Assurément, et même si les chiffres font débat, la diaspora algérienne en France est la plus nombreuse en prenant en compte les immigrés, en situation régulière ou non, ainsi que leurs descendants. Cela a nécessairement une influence sur les deux sociétés, d’une manière ou d’une autre. Cela étant, l’influence dans le champ politique français est plus délicate à analyser. Si les ressortissants algériens jouent, à leurs dépens, le rôle d’épouvantails pour les xénophobes – qui entretiennent la peur infondée d’une « submersion migratoire » –, ils ne peuvent participer à la vie démocratique et sociale de leur pays de résidence, qu’en tant que citoyens français lors des élections ou en tant que travailleurs, et s’engager, selon leurs affinités, intérêts ou valeurs, dans les associations, collectifs, partis et syndicats qui correspondent à leurs vues. On retrouve de nombreux binationaux à travers le spectre politique français et les plus visibles, au bénéfice de la parité et de la diversité, sont souvent conduits à tenir des positions caricaturales et des propos outranciers pour exister dans un espace politico-médiatique concurrentiel. Ils ne sont pas les plus représentatifs de la pluralité au sein de la communauté algérienne.

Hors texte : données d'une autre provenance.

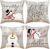 Christmas Decoration Indoor Christmas Cushion Cover 4 Christmas Decoration Christmas Cushion Cover Christmas Decorations Christmas Decorations Christmas Cushion 45 x 45 cm Decorative Cushion Covers Cushion Covers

En quoi l’héritage de la période coloniale continue-t-il de façonner les perceptions et les relations actuelles ?
En raison de sa durée, de son intensité et de sa violence, le moment colonial n’est certes qu’un épisode de la relation franco-algérienne mais il n’est pas le moins significatif pour comprendre les enjeux actuels, à condition toutefois de ne pas effacer l’histoire précoloniale et postcoloniale comme on le fait trop souvent dans les débats. La colonisation française de l’Algérie a constitué un laboratoire d’expérimentations en tout genre. Il reposait avant tout sur l’assujettissement des populations expropriées et infériorisées par la mise en place d’une législation ségrégationniste, appuyée par des discours racistes et racialistes. Ils jouaient, par exemple, sur l’opposition factice entre les « mauvais » Arabes et les « bons » Berbères, sans parler de la projection de fantasmes orientalistes sur les corps des hommes et des femmes, à commencer par celles réduites à la prostitution. Dans la France d’aujourd’hui, il est difficile pour les ressortissants algériens, ou leurs descendants, d’échapper à cet héritage pesant.

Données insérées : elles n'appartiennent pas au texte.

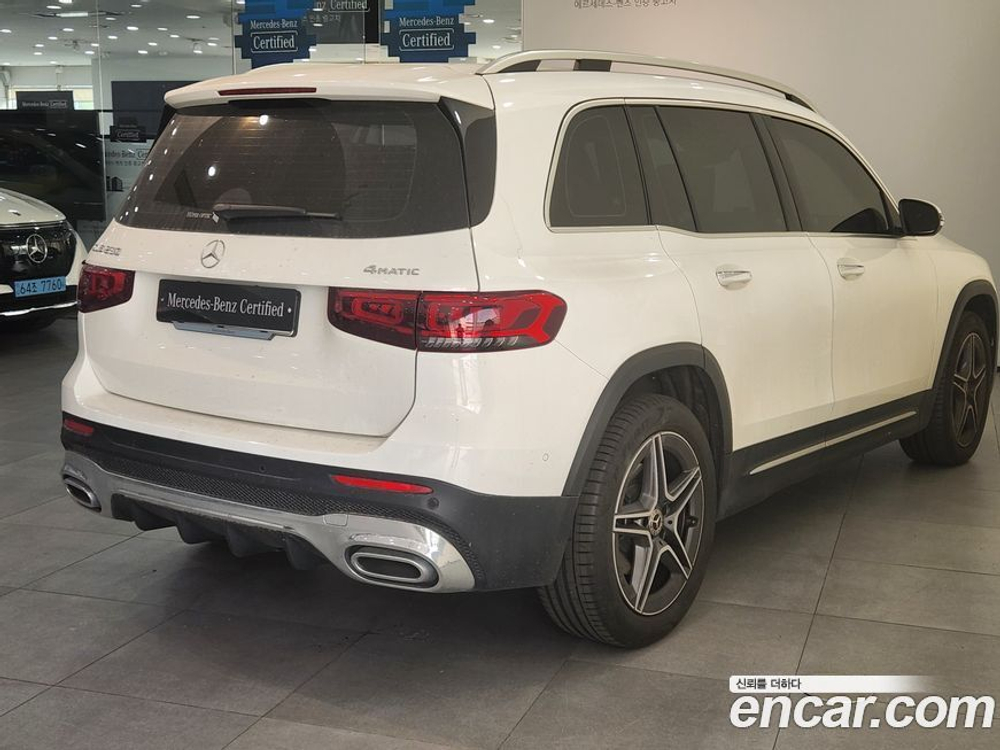 Mercedes-Benz GLB-Class X247 GLB250 4MATIC (09.2023)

Ayant fait longuement des recherches sur ce sujet, avez-vous décelé une constante permettant de donner des perspectives d’avenir, à moyen et à long termes, pour les relations franco-algériennes ?

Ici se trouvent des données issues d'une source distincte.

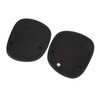 2pcs Dash Speaker Grille Cover 15046441 Left Right Dash Speaker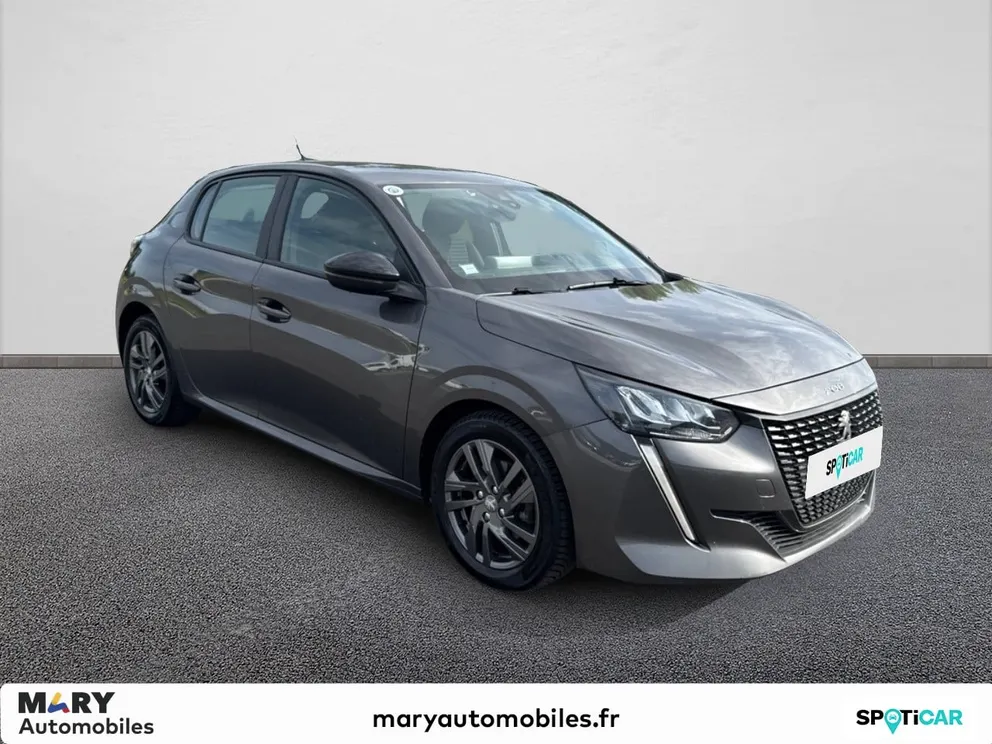 Véhicule occasion 1229343 - peugeot 208 - Photo 5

Après avoir mené des recherches sur l’Algérie coloniale et la France postcoloniale – dans des conditions pas toujours évidentes, il faut le dire, car les soutiens institutionnels sont aussi rares que les débouchés professionnels –, j’en suis arrivé à la conclusion que la question algérienne était une des problématiques les plus importantes et les plus sensibles pour comprendre les passions françaises. S’il y a une constante, c’est bien la participation des Algériens – de façon active ou passive – dans les luttes (politiques, sociales et culturelles) françaises, faisant d’eux les plus français des « refoulés » mais aussi les plus « indésirables » des Français. Pour essayer de faire preuve d’optimisme malgré l’actualité dramatique, je dirais que ce « trouble » dans l’ordre étatique et national peut constituer une opportunité pour ceux qui, comme moi, espèrent tracer une perspective d’avenir qui ne soit pas soumise aux diktats des souverainistes et des xénophobes des deux rives. Au lieu de considérer les binationaux comme un problème, il faudrait comprendre qu’ils font partie de la solution.